Other Market Trends:

New EIA Policy for Storage Data Revisions The Energy Information Administration (EIA) issued a Federal Register notice on Tuesday, April 26, establishing a new policy that allows for the unscheduled release of revisions to weekly estimates of working gas storage volumes reported in EIA's Weekly Natural Gas Storage Report (WNGSR). Under the new policy, revisions shall be disseminated on a Federal workday between 2:00 and 2:10 p.m. (Eastern Time) following public notification between 1:00 and 1:10 p.m. of the same day when the effect of reported changes is at least 10 billion cubic feet (Bcf) at either a regional or national level. Previously, revisions could be reported only at the regularly scheduled time of the WNGSR and only if the effect of the change is greater than 7 Bcf. The newly issued Federal Register notice was a result of the previous notice issued January 7, requesting public comments on proposed changes to the current policy for handling revisions to information disseminated in the WNGSR. EIA received 26 sets of comments, most of which were from energy firms and trade groups.
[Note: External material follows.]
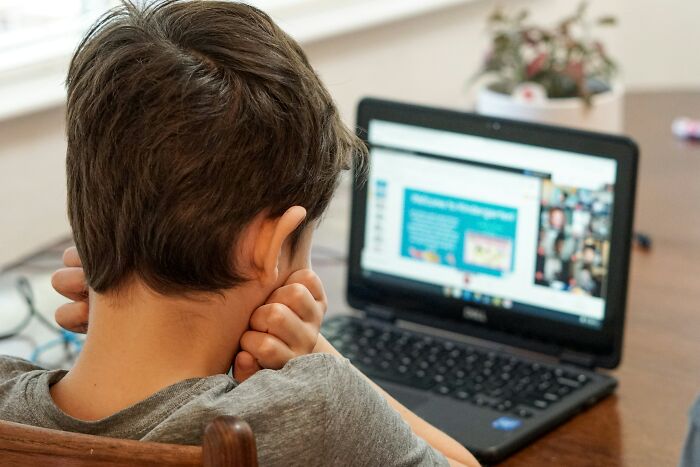 Child sitting at a desk using a laptop, experiencing a scary online moment that left them traumatized.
The policy will become effective with the WNGSR released on May 19, 2005, containing data as of May 13, 2005. The Federal Register notice can be accessed on the Web at http://www.eia.doe.gov/oss/WNGSR-Unscheduled-Release-Policy-Final-April2005.pdf.

 

2004 LNG Imports Reach Record Levels: Liquefied natural gas (LNG) imports, still a small share of total imports, have grown significantly in recent years to record levels. LNG imports surged in 2004 to approximately 652 Bcf, continuing the upward trend from 2003 when LNG imports reached 507 Bcf. Trinidad and Tobago for the fifth consecutive year was the source country with the largest volume of imports to the United States, delivering 462 Bcf in 202 cargos in 2004, which was almost 71 percent of total LNG imports in 2004, according to a recent report from the Department of Energy's Office of Fossil Energy. Algeria supplied the second largest volume of LNG with 120 Bcf. Other than Trinidad and Tobago and Algeria, source countries for U.S. LNG imports in 2004 included Malaysia (19.9 Bcf), Australia (14.9 Bcf), Qatar (11.9 Bcf), Nigeria (11.8 Bcf), and Oman (9.4 Bcf). In 2004, Dominion's Cove Point, Maryland, terminal received the largest volume of any U.S. terminal with receipts of 209 Bcf. Distrigas received almost 174 Bcf, all from Trinidad and Tobago, at its Everett, Massachusetts, terminal. Southern Union's Trunkline LNG terminal, located in Lake Charles, Louisiana, received close to 164 Bcf, while El Paso's Elba Island, Georgia, terminal received the least of the four operating terminals with 105 Bcf. Although LNG imports to the continental United States reached historical highs in 2004, they still represent only about 2.9 percent of U.S. consumption and 15.5 percent of U.S. imports. According to EIA, LNG imports are expected to grow to much higher levels, given the expected expansion of global LNG trade and as more U.S. LNG regasification terminals come on line.

 

Summary:

Natural gas spot prices increased slightly at most market locations outside of the Northeast region since last Wednesday, April 20. The May futures contract expired yesterday at $6.748 per MMBtu, which is about 9 percent less than its level on March 30 when it became the near-month contract. Working gas in storage climbed to 1,416 Bcf, which is about 29 percent above the 5-year average.